7.3En ce qui concerne le cas particulier de M. Tadman, le Comité note que, dans la procédure civile qu’il a engagée devant les tribunaux de l’Ontario, il a expressément refusé toute contestation fondée sur la question générale du traitement préférentiel dont bénéficient les enseignants coreligionnaires dans les écoles confessionnelles (art. 135 et 136 de la loi). Au contraire, il s’est borné à invoquer les difficultés personnelles particulières qu’il avait rencontrées sur son propre lieu de travail. La Cour a jugé que ces difficultés n’avaient pas été évoquées dans l’arbitrage précédent et que M. Tadman n’était donc pas en droit de les soulever en l’espèce. M. Tadman n’a pas fait appel de cette décision. Il faut par conséquent en conclure que la communication de M. Tadman est irrecevable en vertu du paragraphe 2 b) de l’article 5 du Protocole facultatif pour non‑épuisement des recours internes. Le Comité note également les conclusions sur les faits auxquelles sont parvenus la Commission d’arbitrage et le tribunal de division (voir par. 2.4 ci‑dessus) selon lesquelles M. Tadman n’a pas de fait souffert d’une limitation quelconque de sa liberté de conscience, de pensée, de conviction ou de religion. Il renvoie à sa décision concernant l’affaire Keshavjee c. Canada selon laquelle il se range aux conclusions de fait auxquelles sont parvenues les autorités nationales sauf si ces conclusions sont manifestement arbitraires ou équivalent à un déni de justice. Cette partie de la communication de M. Tadman est par conséquent irrecevable également en vertu de l’article 2 du Protocole facultatif, les griefs étant insuffisamment étayés.

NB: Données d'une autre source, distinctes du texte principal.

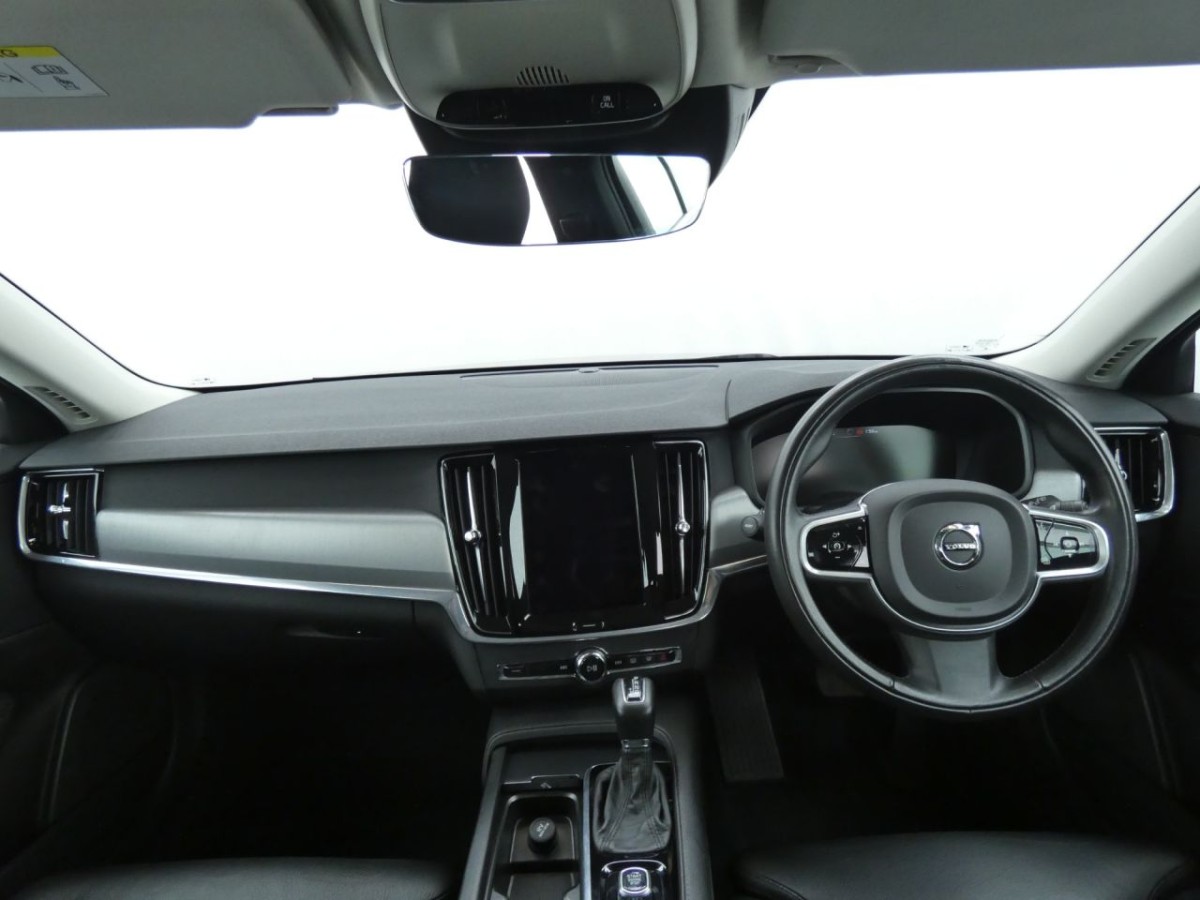 VOLVO V90 2.0 T4 MOMENTUM PLUS 5D 188 BHP - 2019 - £21,990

7.4En ce qui concerne M. Prentice, le Comité note que la communication ne fait apparaître aucune démarche engagée par l’auteur pour contester ou attaquer devant les autorités ou les tribunaux de l’État partie les motifs qui seraient à l’origine du refus de sa promotion. En l’absence d’effort raisonnable de l’auteur pour étayer la violation alléguée de ses droits devant les juridictions nationales, la communication de M. Prentice doit être considérée comme irrecevable conformément au paragraphe 2 b) de l’article 5 du Protocole facultatif pour non‑épuisement des recours internes.

8.En conséquence, le Comité des droits de l’homme décide:

a)Que la communication est irrecevable en vertu des articles 1er et 2 et du paragraphe 2 b) de l’article 5 du Protocole facultatif;

b)Que la présente décision sera communiquée aux auteurs et, pour information, à l’État partie.

[Adopté en anglais (version originale), en espagnol et en français. Paraîtra ultérieurement en arabe, en chinois et en russe dans le rapport annuel du Comité à l’Assemblée générale.]